Closed imbuedhope closed 9 months ago
Thank you @imbuedHope for the code to reproduce this issue. The code looks correct for gathering the on-instrument statistics.
I modified this code to include gc.collect()
just before time.sleep(0.1)
just to make sure that the garbage collector was behaving.
I first ran this code on Windows with a single Joulescope attached. I found that Win 10x64 stabilized at 48,828 kB RAM before dropping and stabilizing at 19,960 kB.
However, the execution under Ubuntu 64 continued to grow. I used your approach to print the date & size, but using:
date && ps -p 151963 -o %cpu,size,cmd
Here are the results:
Time | Memory (kB) |
---|---|
9:10:45 | 170340 |
9:11:58 | 173828 |
9:13:23 | 177800 |
9:16:18 | 185812 |
9:17:41 | 189852 |
9:20:44 | 198176 |
9:24:22 | 208412 |
9:30:48 | 226748 |
This could be exponential, but we'll need more data to be sure. Let's use mprof.

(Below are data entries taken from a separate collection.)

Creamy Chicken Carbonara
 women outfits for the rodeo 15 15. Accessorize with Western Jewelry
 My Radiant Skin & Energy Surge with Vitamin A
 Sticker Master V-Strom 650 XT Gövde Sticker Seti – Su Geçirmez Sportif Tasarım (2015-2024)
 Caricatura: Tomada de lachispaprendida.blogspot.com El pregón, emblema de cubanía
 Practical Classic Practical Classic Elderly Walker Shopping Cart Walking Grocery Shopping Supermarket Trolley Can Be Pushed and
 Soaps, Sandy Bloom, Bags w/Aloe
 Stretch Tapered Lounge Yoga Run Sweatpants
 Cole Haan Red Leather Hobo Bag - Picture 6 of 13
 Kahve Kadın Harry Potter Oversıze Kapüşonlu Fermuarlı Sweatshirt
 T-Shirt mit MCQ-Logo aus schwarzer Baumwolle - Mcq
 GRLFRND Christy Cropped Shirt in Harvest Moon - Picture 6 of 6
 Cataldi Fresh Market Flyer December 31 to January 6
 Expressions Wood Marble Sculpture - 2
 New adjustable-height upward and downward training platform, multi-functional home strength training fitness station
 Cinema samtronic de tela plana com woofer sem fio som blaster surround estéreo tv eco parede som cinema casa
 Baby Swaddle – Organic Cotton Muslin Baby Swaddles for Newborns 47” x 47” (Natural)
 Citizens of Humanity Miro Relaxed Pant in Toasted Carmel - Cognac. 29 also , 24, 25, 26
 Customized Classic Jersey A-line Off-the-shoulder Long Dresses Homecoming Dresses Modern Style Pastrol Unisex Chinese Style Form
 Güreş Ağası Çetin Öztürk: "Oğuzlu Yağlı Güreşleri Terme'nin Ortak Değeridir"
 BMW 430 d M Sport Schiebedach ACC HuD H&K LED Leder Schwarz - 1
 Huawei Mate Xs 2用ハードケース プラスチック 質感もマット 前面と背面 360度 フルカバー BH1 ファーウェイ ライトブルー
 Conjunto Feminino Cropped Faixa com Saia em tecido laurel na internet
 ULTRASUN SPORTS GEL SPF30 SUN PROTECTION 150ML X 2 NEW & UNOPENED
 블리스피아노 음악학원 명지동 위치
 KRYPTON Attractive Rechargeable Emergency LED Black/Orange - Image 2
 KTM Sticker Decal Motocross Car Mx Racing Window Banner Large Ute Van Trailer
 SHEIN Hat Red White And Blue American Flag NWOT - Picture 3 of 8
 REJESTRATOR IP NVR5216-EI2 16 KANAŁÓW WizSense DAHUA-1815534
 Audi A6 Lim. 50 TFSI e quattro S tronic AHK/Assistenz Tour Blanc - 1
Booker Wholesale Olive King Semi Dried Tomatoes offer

pip3 install -U memory_profiler
And then:
mprof run isolate.py
To display the results:
mprof plot --slope mprofile_{your_timestamp}.dat
Which gives:
That's nice a linear 44 kB/s leak, on average. In 24 hours, that amounts to 3.8 GB.
So, I confirm that the statistics data collection has a problem on Linux. I will continue to investigate.
I did more testing.
Here is mprof from Win10 x64
And here is mprof from mac 11 x64
I further isolated the memory leak. It is not occurring in statistics(), but rather scan. Here is an updated example:
#!/usr/bin/env python3
import time
import joulescope
import gc
if __name__ == "__main__":
scopes = []
try:
while True:
scopes, added, removed = joulescope.scan_for_changes(
name='Joulescope',
devices=scopes,
config='auto',
)
gc.collect()
time.sleep(0.1)
When run on Ubuntu x64, this mprof captures:
So same python code means the leak is likely not in Python. Same libusb interface code using ctypes on macOS and Linux, so likely not in the Joulescope driver's usage of libusb. Therefore, the most likely location for this issue is within the Ubuntu implementation of libusb. Ugh.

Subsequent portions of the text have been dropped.